## WORK ORDER:
Exactly as written, transcribe the lines that run from the one containing "Trzech panów na" to the end of the records below.

Data entries
==============================
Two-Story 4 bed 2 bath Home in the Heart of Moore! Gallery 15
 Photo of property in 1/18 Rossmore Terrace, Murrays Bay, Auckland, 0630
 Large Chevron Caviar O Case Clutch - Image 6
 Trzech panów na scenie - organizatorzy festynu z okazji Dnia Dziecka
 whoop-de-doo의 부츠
==============================
## RESULT FOR THIS TASK:
 Trzech panów na scenie - organizatorzy festynu z okazji Dnia Dziecka
 whoop-de-doo의 부츠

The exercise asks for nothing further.